Anti-Semitic acts quadrupled in France last year

Anti-Semitic acts in France nearly quadrupled in 2023 compared with the previous year, a Jewish organisation said on Wednesday, reflecting a surge in discrimination since the October 7 attack by Hamas on Israel.

Anti-Semitic acts quadrupled in France last year

Citing figures from the French interior ministry and a French-Jewish security watchdog, the Council of Jewish Institutions in France (CRIF) said there were 1,676 anti-Semitic acts last year compared to 436 the year prior.
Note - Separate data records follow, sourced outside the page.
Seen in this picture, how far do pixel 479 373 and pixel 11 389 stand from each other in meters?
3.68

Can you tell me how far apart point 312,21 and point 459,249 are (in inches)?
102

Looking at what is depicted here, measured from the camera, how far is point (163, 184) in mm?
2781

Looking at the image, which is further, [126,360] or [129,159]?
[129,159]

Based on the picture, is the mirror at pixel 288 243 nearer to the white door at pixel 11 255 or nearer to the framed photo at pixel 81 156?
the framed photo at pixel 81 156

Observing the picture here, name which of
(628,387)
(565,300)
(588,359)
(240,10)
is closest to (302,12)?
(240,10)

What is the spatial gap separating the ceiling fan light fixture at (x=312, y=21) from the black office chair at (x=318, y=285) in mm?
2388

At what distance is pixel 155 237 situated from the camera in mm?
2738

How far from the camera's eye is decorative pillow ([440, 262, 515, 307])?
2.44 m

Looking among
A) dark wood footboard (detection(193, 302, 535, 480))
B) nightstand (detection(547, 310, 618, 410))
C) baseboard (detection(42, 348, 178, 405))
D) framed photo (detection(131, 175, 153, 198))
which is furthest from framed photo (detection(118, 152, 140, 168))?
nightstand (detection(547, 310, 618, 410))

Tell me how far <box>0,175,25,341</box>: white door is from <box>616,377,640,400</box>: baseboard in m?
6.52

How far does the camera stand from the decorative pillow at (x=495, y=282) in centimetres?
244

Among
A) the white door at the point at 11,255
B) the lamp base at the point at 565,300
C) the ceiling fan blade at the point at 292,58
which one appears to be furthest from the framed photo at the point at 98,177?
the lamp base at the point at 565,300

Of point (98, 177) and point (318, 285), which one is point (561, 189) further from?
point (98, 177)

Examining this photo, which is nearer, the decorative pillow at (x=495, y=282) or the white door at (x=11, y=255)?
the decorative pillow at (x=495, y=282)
Nearly 60 percent of those acts were attacks involving physical violence, threatening words or menacing gestures, CRIF said in its report.
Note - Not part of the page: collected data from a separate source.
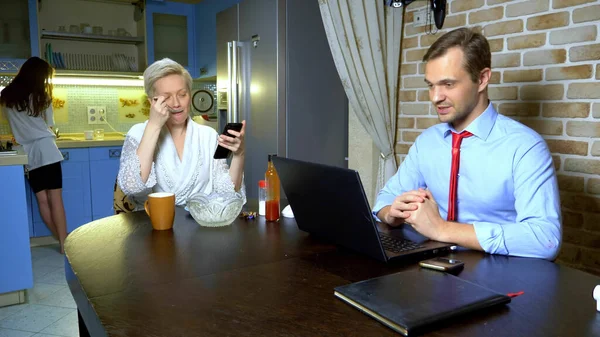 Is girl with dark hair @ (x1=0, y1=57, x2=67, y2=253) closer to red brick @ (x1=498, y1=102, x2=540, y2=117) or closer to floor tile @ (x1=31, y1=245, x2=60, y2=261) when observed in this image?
floor tile @ (x1=31, y1=245, x2=60, y2=261)

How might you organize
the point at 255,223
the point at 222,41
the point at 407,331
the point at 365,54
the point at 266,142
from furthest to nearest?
1. the point at 222,41
2. the point at 266,142
3. the point at 365,54
4. the point at 255,223
5. the point at 407,331

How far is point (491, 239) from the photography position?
1.20 metres

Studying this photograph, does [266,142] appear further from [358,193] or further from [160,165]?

Worryingly, nearly 13 percent of anti-Semitic acts last year took place in schools, most of them in junior high schools.

“We are witnessing a rejuvenation of the perpetrators of anti-Semitic acts. Schools are no longer a sanctuary of the Republic,” the report said.

The spike in anti-Semitism is the worst on record, according to CRIF, which has figures dating back to 2012.
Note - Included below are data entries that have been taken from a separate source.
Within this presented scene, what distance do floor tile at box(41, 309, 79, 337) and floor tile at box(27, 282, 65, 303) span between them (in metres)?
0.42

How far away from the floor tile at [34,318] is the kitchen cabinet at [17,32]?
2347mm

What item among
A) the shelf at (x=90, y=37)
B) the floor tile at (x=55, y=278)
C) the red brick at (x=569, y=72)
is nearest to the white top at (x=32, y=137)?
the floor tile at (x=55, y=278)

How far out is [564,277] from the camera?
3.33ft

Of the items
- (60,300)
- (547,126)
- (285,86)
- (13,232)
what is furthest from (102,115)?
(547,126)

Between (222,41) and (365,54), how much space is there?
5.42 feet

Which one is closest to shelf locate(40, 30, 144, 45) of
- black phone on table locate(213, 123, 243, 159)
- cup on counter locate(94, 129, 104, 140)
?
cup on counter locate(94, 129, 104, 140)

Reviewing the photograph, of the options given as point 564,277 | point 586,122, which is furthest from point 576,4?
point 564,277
The organisation cautioned that its tally reflects only acts “that have been the subject of a complaint or a report to the police”.

France is home to Europe’s largest Jewish community and the largest number of Muslims on the continent, although no precise figures are available as the country’s census does not include religious identity.

According to CRIF, the bloodshed in the Middle East has unleashed a wave of anti-Semitic vitriol.

In the three months following Hamas’ October 7 attack and Israel’s subsequent invasion of Gaza, the number of anti-Semitic incidents “equalled that of the previous three years combined”, according to the report.

A third of the acts glorified jihadism, according to CRIF, and a quarter were “calls to murder”.

France has seen previous surges of anti-Semitism, including after a 2012 attack on a Jewish school in Toulouse and a 2015 attack on a kosher supermarket in Paris.